#### WHAT TO DO:
Only an exact copy belongs in the answer: the line with "Lakshmi Manchu Actress hd photo" and every line after it through the end of the records, pictures left out.
*** Block opens ***
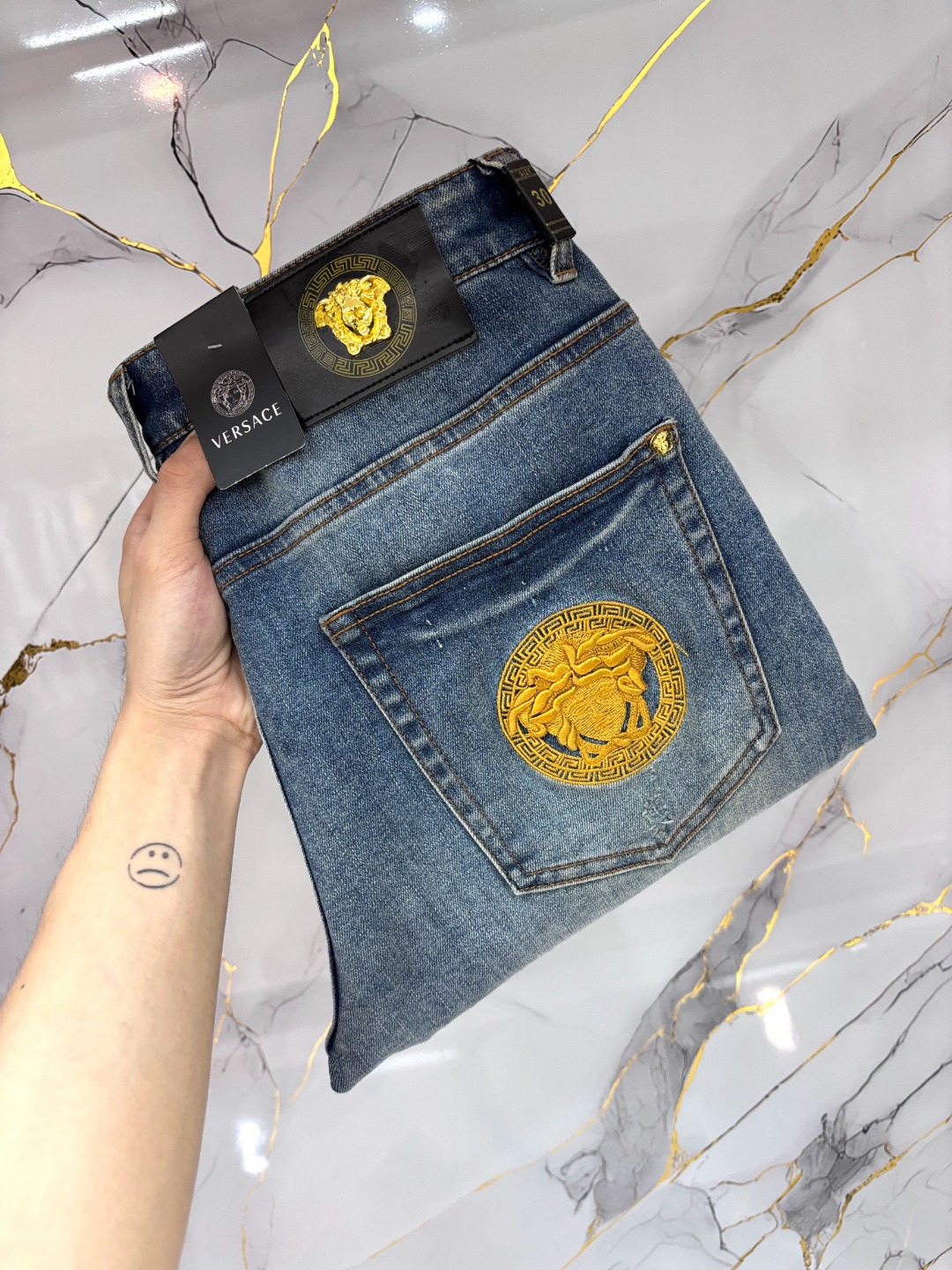 NO:847154,Versace's latest hot trend is coming. New and new products. The best jeans counters are now available in physical stores. The original 1:1 quality products are suitable for all ages. The highest version of European imported fabrics on the market. Comfortable, soft and skin-friendly, with super upper body effects. Fashionable and versatile, straight and stylish, a wardrobe must-have!  Suitable for any occasion, sizes 30-40,,versace,versace,jeans,19860909Versace 范思哲 爆款来袭 新款新品 实体店已极品牛仔裤专柜原版1:1好货,适合各个年龄段.市场最高版本的欧洲进口面料.舒适柔软亲肤,上身效果超级棒时尚百搭,笔挺有型,衣橱必备！适合任何场合穿着 尺码30-40,,versace,versace,jeans,,Men's clothing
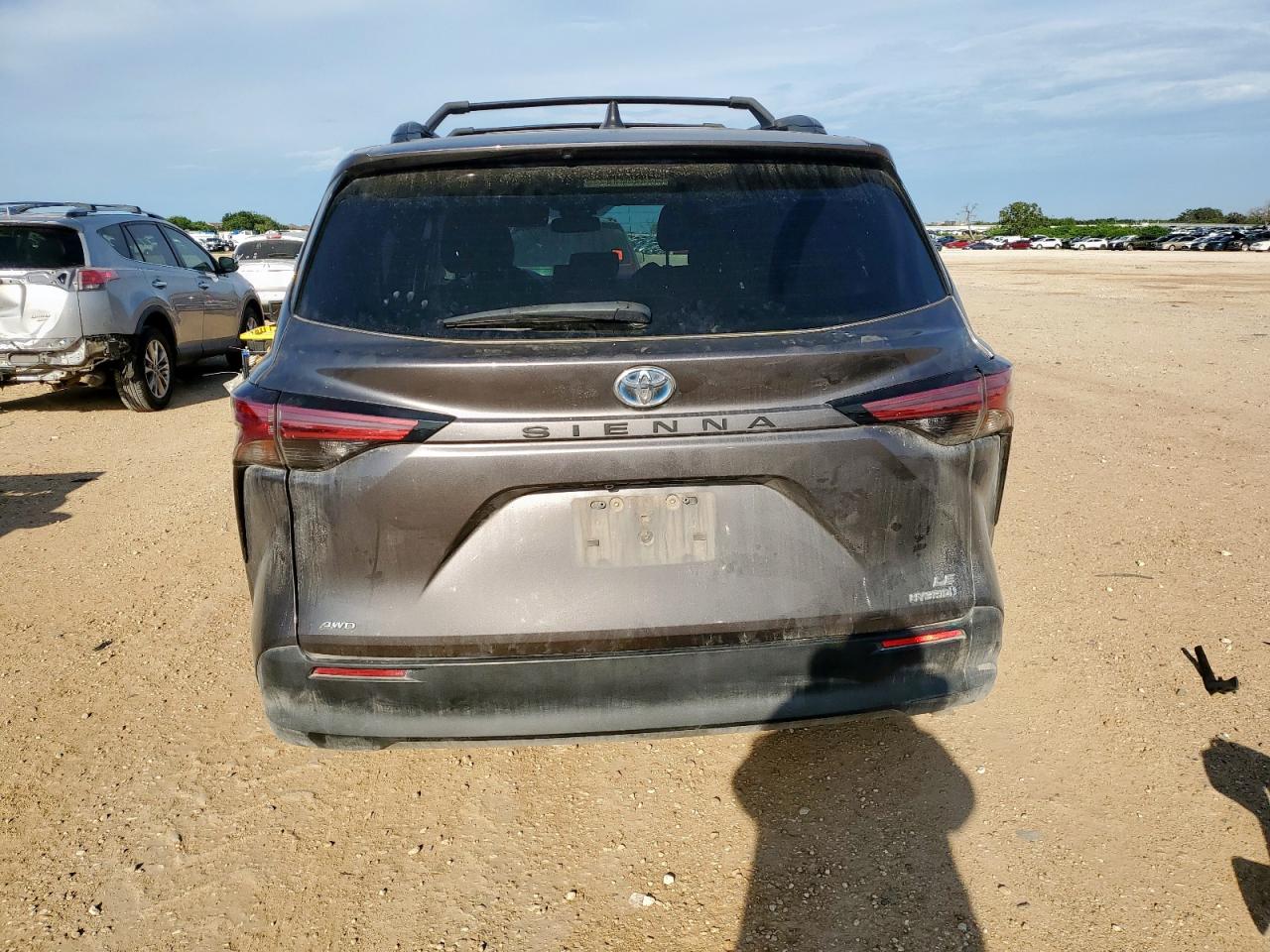 2022 Toyota Sienna Le VIN: 5TDBSKFC9NS070245 Lot: 63698525
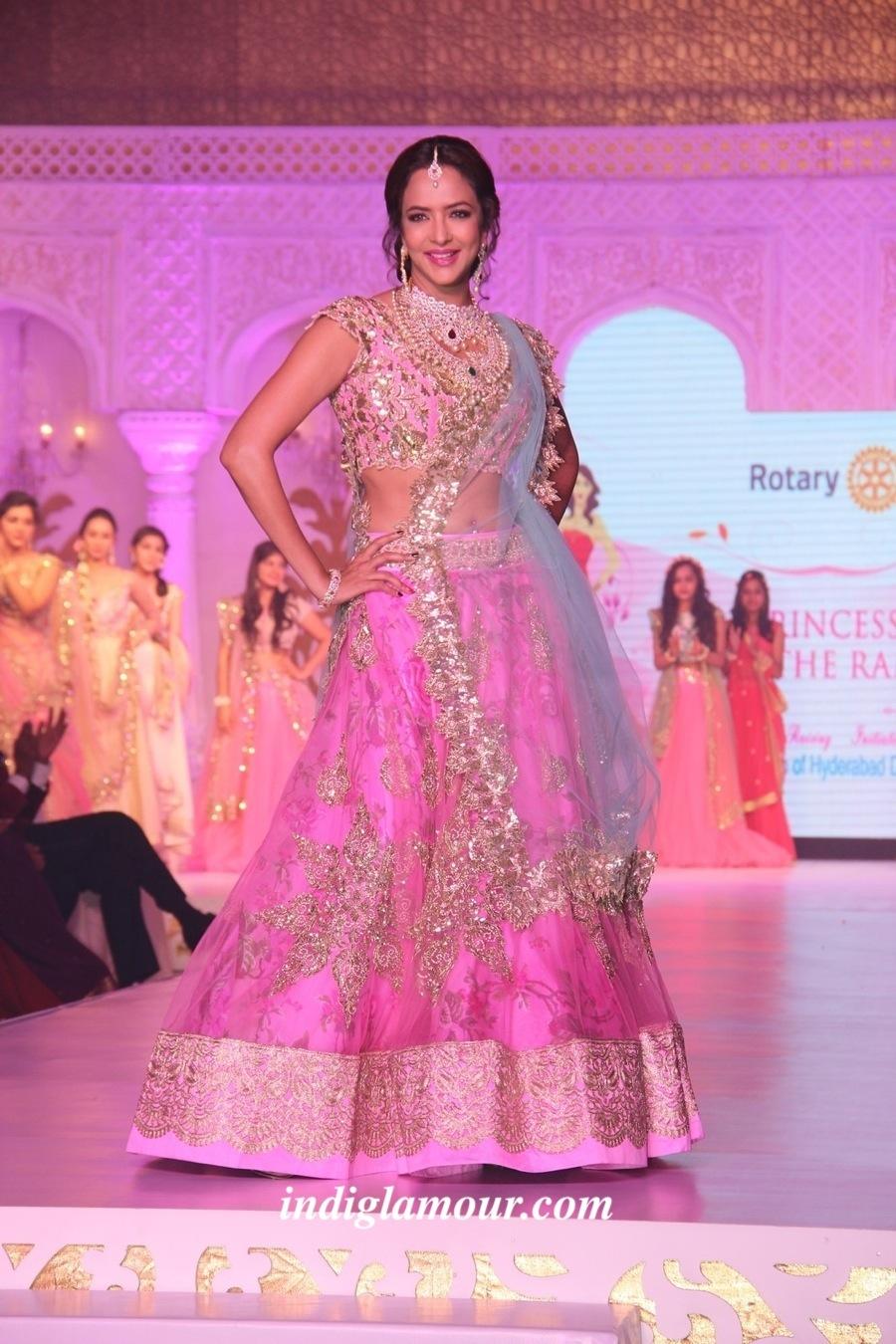 Lakshmi Manchu Actress hd photo
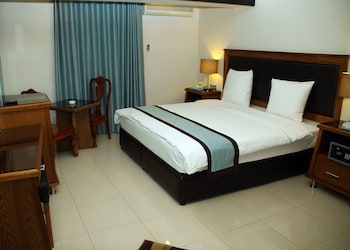 RAED HOTEL SUITES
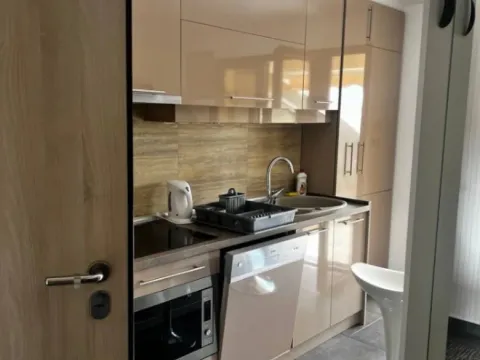 Sale, two bedroom apartment, 66m², Bečići, Budva - image 2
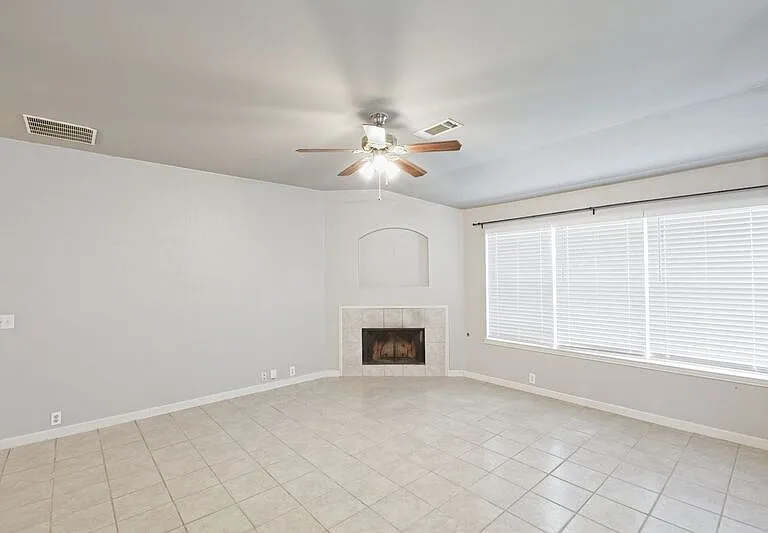 2309 Mallard Dr — Photo 14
*** Block closes ***
#### RESPONSE TO THE EXERCISE:
 Lakshmi Manchu Actress hd photo
 RAED HOTEL SUITES
 Sale, two bedroom apartment, 66m², Bečići, Budva - image 2
 2309 Mallard Dr — Photo 14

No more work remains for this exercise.